Alien Swarm, from the development team hired to work on Left 4 Dead and Portal 2, does for the Ridley Scott/James Cameron bug-hunt genre what Left 4 Dead did for George Romero and zombies. Players take on the role of one of four space marines investigating a colony overrun with slimy alien creatures.

It is a complete, if short game—not a demo, and not a “freemium” game (like Dungeons and Dragons Online, which I mentioned in April) where you get the basic game for free but can buy cool weapons and powers for cash. It was programmed by the development team in its spare time (it’s an adaptation of an earlier Unreal mod by the same name), but the amount of polish is impressive and shows no signs of its hobbyist origins.

What does Valve get out of this? Unlike with Baen’s free e-books, there’s no “give the digital version away for free to sell a print copy” in this giveaway. There is no “print copy” of Alien Swarm, and even if they did sell it on a disc in a box it would just end up being installed through Steam anyway. And it is unlikely they will be selling later games in the series—even if they did, since they gave away the development tools, too, there is going to be enough free content generated that nobody would ever need to buy them.

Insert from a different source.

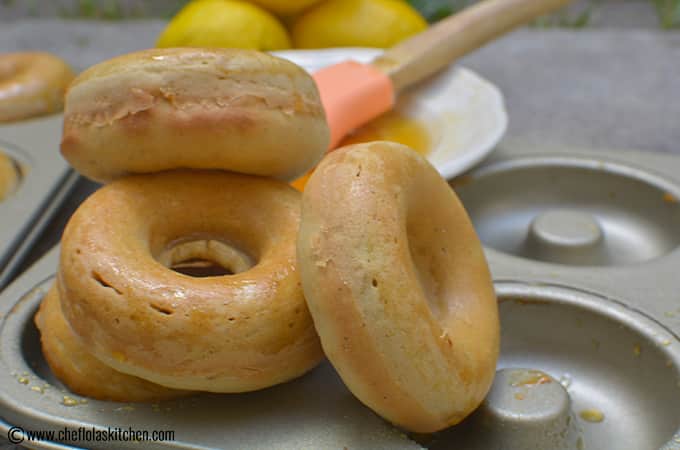 Receta de donas horneadas sin levadura glaseadas con miel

But it does tend to resemble the free e-books that Amazon and Barnes & Noble give away for their Kindle and Nook readers. Just as you have to install the Kindle Reader to read a Kindle e-book, it’s necessary to install the Steam content delivery system in order to play Alien Swarm—and once Steam is installed it becomes very easy for a gamer to see something he wants, click, and buy it.

Perhaps this kind of “platform stickiness” will replace the give-it-to-sell-it model when e-books take enough marketshare away from printed books. Or perhaps there will just be fewer freebies.

Either way, Alien Swarm is fun, free, and a great excuse to install Steam. (And if any TeleRead readers should want to team up, my handle on the Steam IM network is Robotech_Master.)